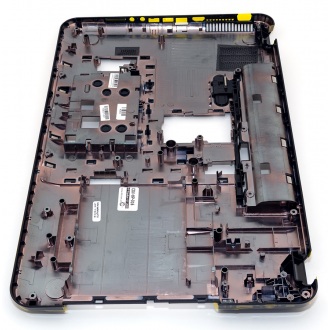 Нижняя крышка корпуса HP Pavilion G7-2000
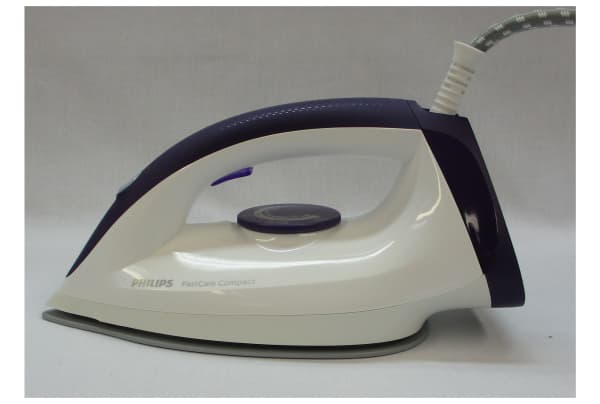 Philips - GC6740/30 FastCare Compact - 6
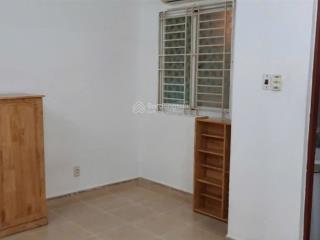 Cho thuê căn hộ lakai nguyễn trãi, quận 5, 9tr/tháng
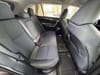 50 thumbnail image of  2024 Toyota RAV4 Hybrid LE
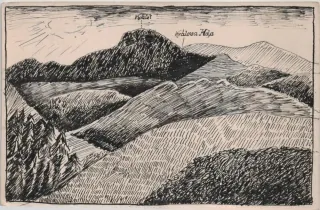 Jelšava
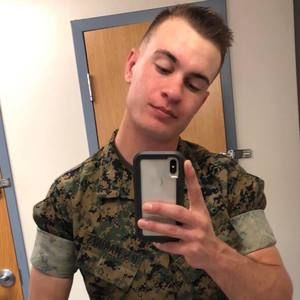 Meet your Posher, Joey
________________________________________
▶ PROBLEM TO WORK ON: In your copy, repeat each record exactly and include no pictures.

▶ OUTPUT:
 Нижняя крышка корпуса HP Pavilion G7-2000
 Philips - GC6740/30 FastCare Compact - 6
 Cho thuê căn hộ lakai nguyễn trãi, quận 5, 9tr/tháng
 50 thumbnail image of  2024 Toyota RAV4 Hybrid LE
 Jelšava
 Meet your Posher, Joey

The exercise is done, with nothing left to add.